Aber am vergangenen Wahlsonntag war das Wetter so schön gewesen. Herr D. hatte sich mit seiner Wahlberechtigung in die S-Bahn gesetzt und war hinausgefahren aus der Stadt. Doch auch im fernen Osten, hingen überall Politiker auf Plakaten herum: zwei SPDlerinnen Arm in Arm, als seien sie ein Herz und eine Seele, ein weißer und ein schwarzer Grüner mit Rastalocken demonstrierten harmonisches Multikulti, und der Typ von der FDP grinste, als wolle er sich im Kaufhaus in der Süßwarenabteilung bewerben. So schlecht waren die Wahlplakate noch nie! Herr D. überlegte, ob sich die Parteien vielleicht auf eine gemeinsame und billige Werbeagentur geeinigt hatten.

Viel Interesse jedenfalls schienen die Gesichter auch in Karlshorst nicht zu wecken. Vor dem Wahllokal in einer Schule spielten Kinder Fußball, Wahlberechtigte sah Herr D. nicht. Auch im Biergarten schlug kaum jemand den Weg zum Wahllokal im Hinterzimmer ein. Sogar am Rand der menschenleeren Trabrennbahn mit ihren armeegrünen, wenn auch angerosteten Lautsprechern, sah Herr D. noch Wahlplakate. Nur im Restaurant neben der Tribüne mit den gewaltigen Portionen Gulasch und Chili war vom Wahlkampf nichts mehr zu sehen.

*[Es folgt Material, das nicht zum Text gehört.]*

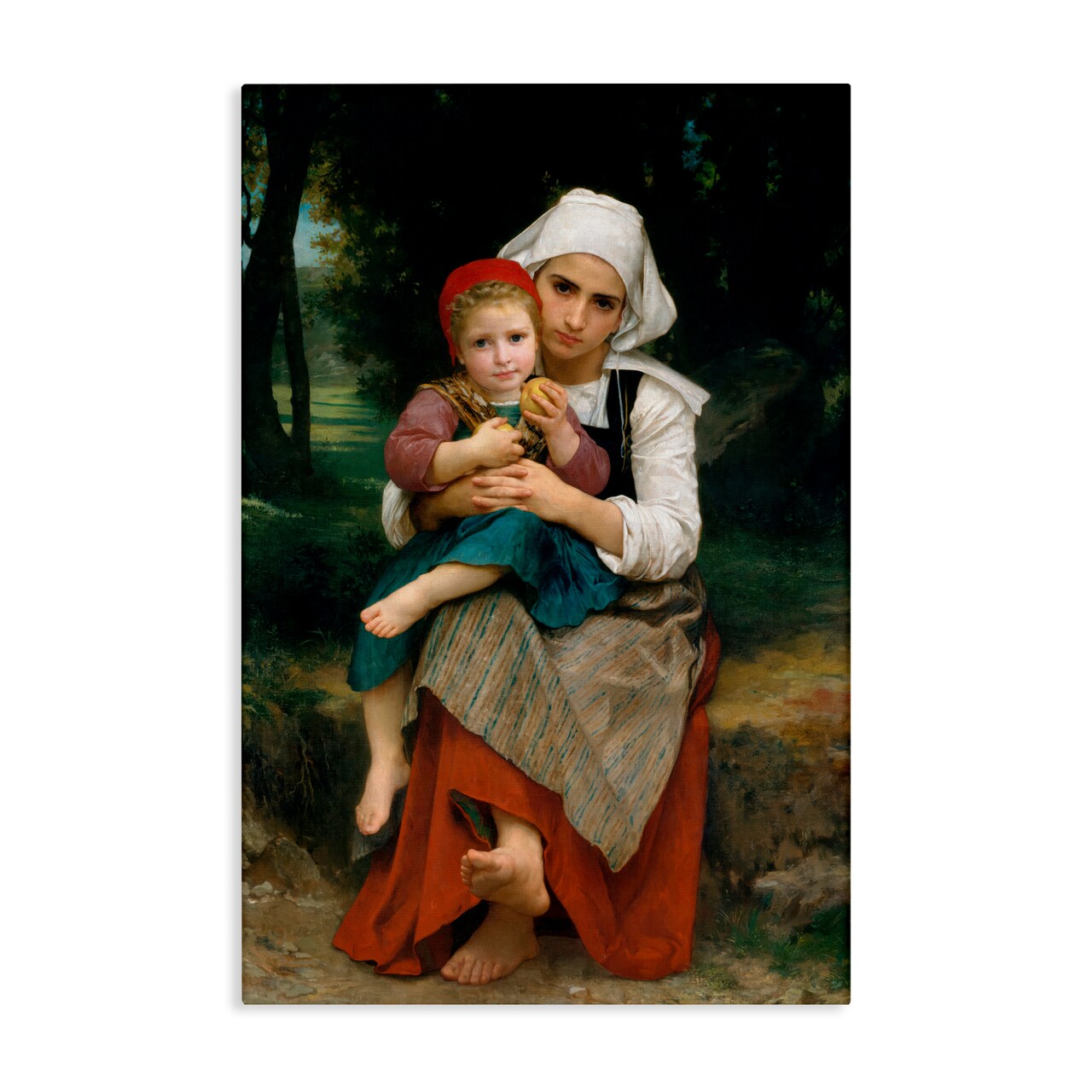 Stupell Industries Classical Bouguereau Brother & Sister Canvas, design by William Adolphe Bouguereau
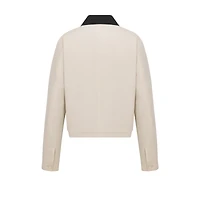 Jacket with Contrasting Spread Collar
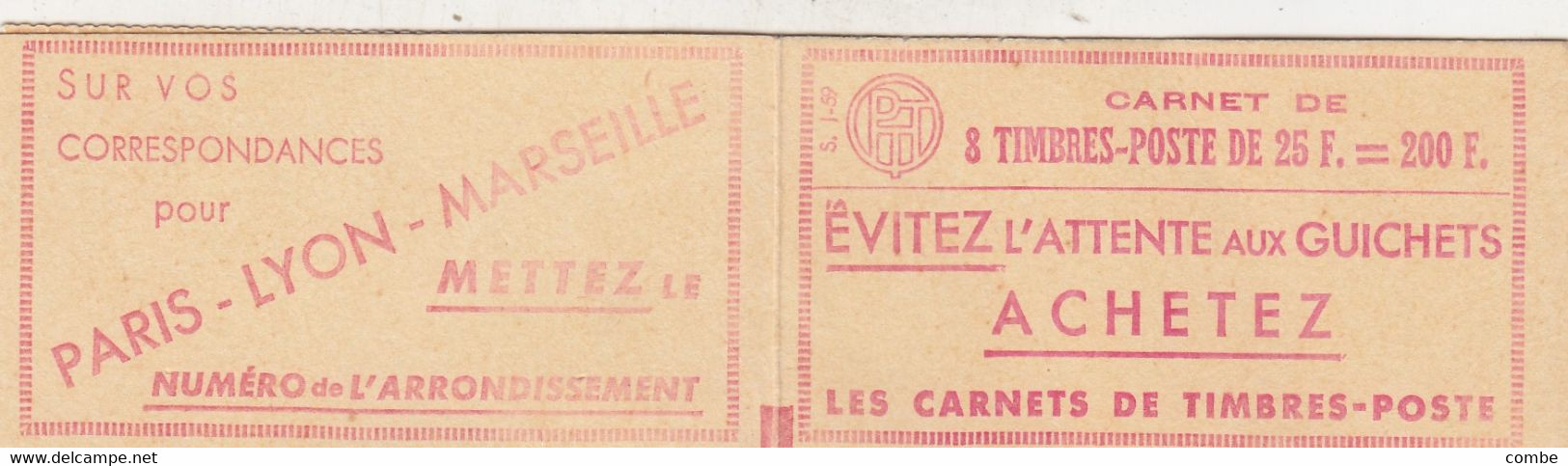 CARNET. MARIANNE DE MULLER. 25Fr. 1011C-C1. PARIS-LYON-MARSEILLE - Old : 1906-1965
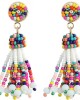 Handmade Multicolored Seed Bead Bohemian Tassel Dangle Earrings 5Pairs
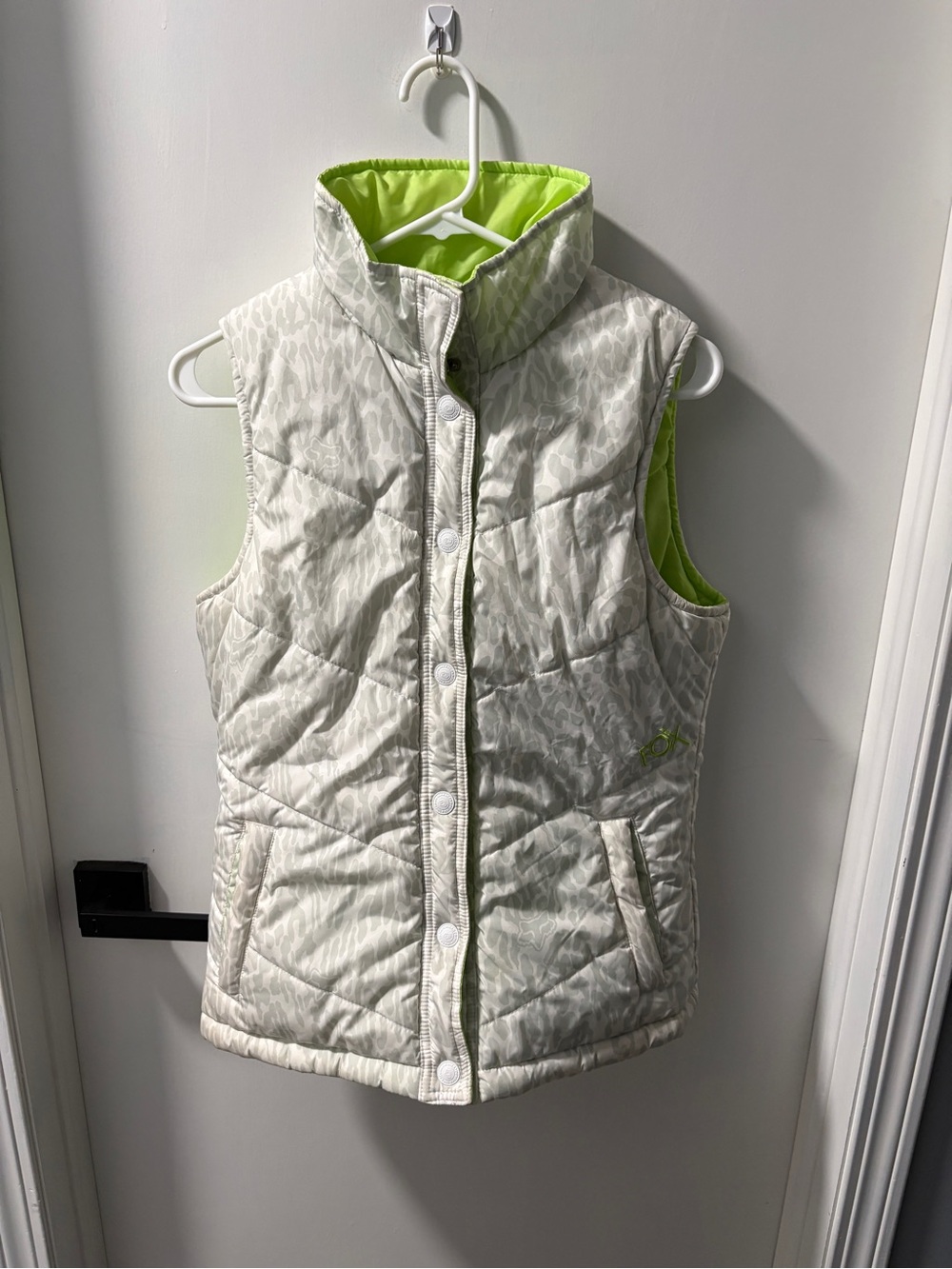 Fox Racing Company Light Grey Quilted Reversible Vest with Neon Lime Lining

Dabei war es schon Nachmittag, der Kampf ging in die entscheidende Phase, die Berichterstattung hatte längst begonnen, und im Lokal waren mindestens zehn Bildschirme eingeschaltet. Doch auf denen war kein einziger Politiker zu sehen. Dort rannten Pferde. Und vor den Bildschirmen standen aufgeregte junge Männer in billigen Turnschuhen und billigen T-Shirts mit voll geschriebenen Zetteln in der Hand und hofften auf ein paar Euro. Sie peitschten die Hoffnungsträger an, sie stampften mit den Füßen auf den Boden, sie schrieen: "Auf, Phillip, lauf Phillip, jetzt arbeite, arbeite..."

"Arbeiten!", dachte Herr. Aber die Pferde hörten die jungen Männer nicht. Die Politiker hörten sie auch nicht. "Arbeiten!" Daran dachte er auch, als eine Woche später die Liebich kam. Aber er sagte nur: "Ne, ich war zu spät, die Wahllokale hatten schon geschlossen!"